Task instructions: Locate the line that contains "Thumbnail for current" in the entries below, then repeat it and every following line through the line that contains "4th image of 11694 N County Road 900 E", exactly, and no others.

[Data provided Boundary: Start]

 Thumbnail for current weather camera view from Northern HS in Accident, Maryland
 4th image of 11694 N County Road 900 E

[Data provided Boundary: End]
[Data provided Boundary: Start]

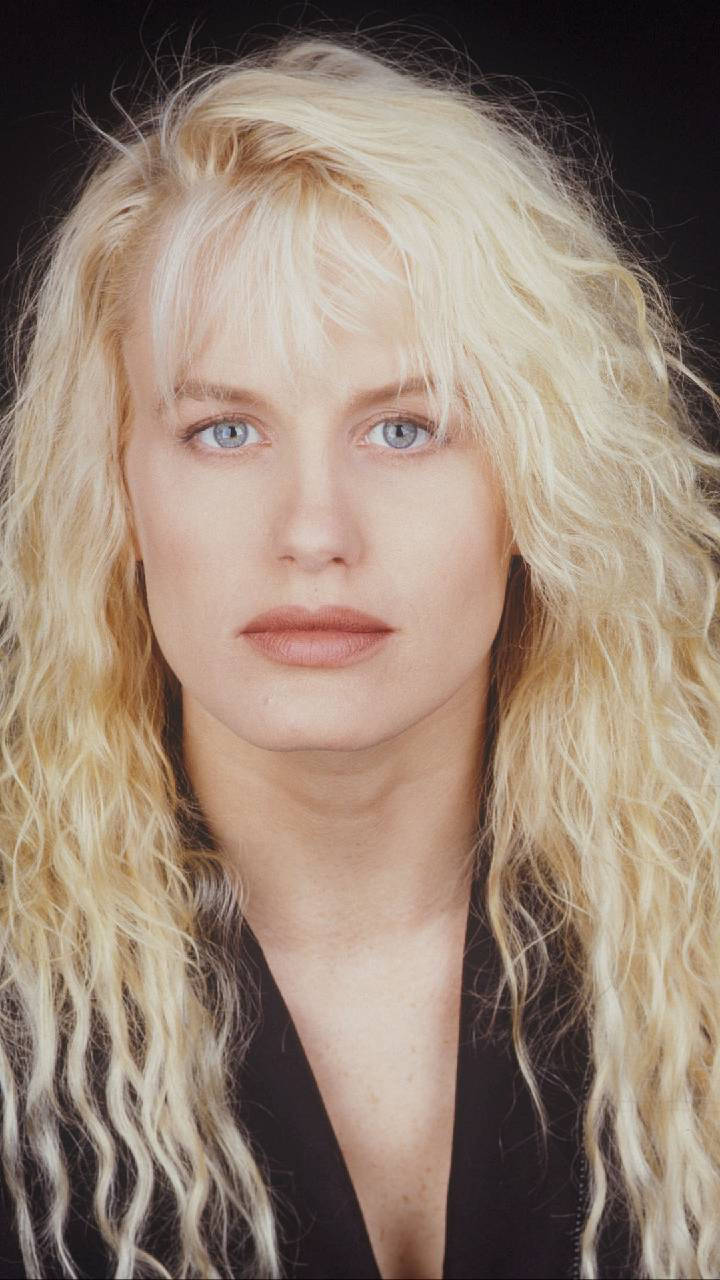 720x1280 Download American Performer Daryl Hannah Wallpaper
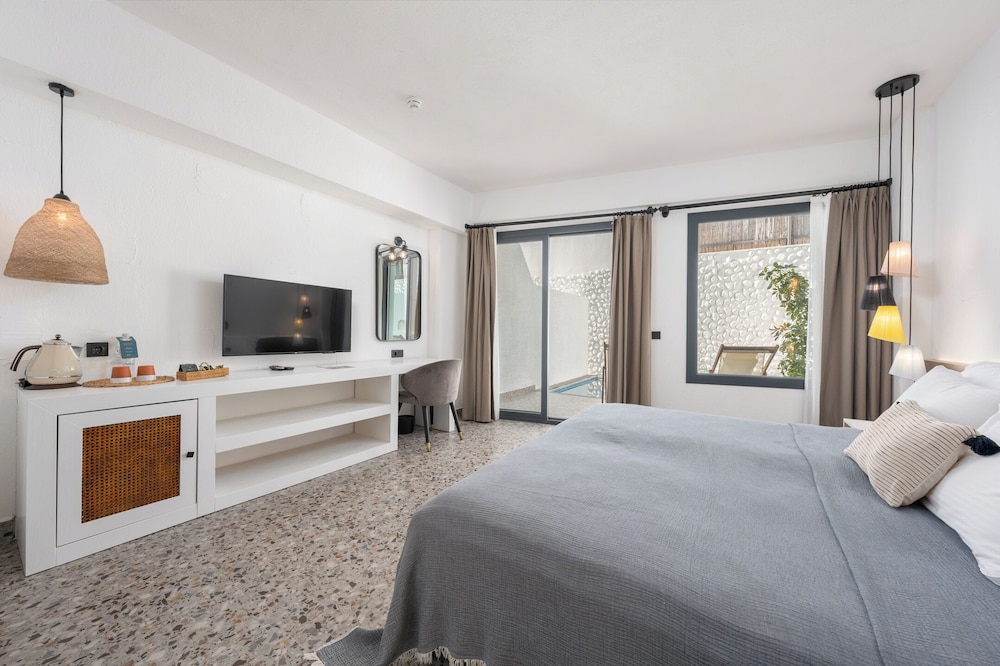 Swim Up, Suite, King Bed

[Data provided Boundary: End]

Task response:
 Thumbnail for current weather camera view from Northern HS in Accident, Maryland
 4th image of 11694 N County Road 900 E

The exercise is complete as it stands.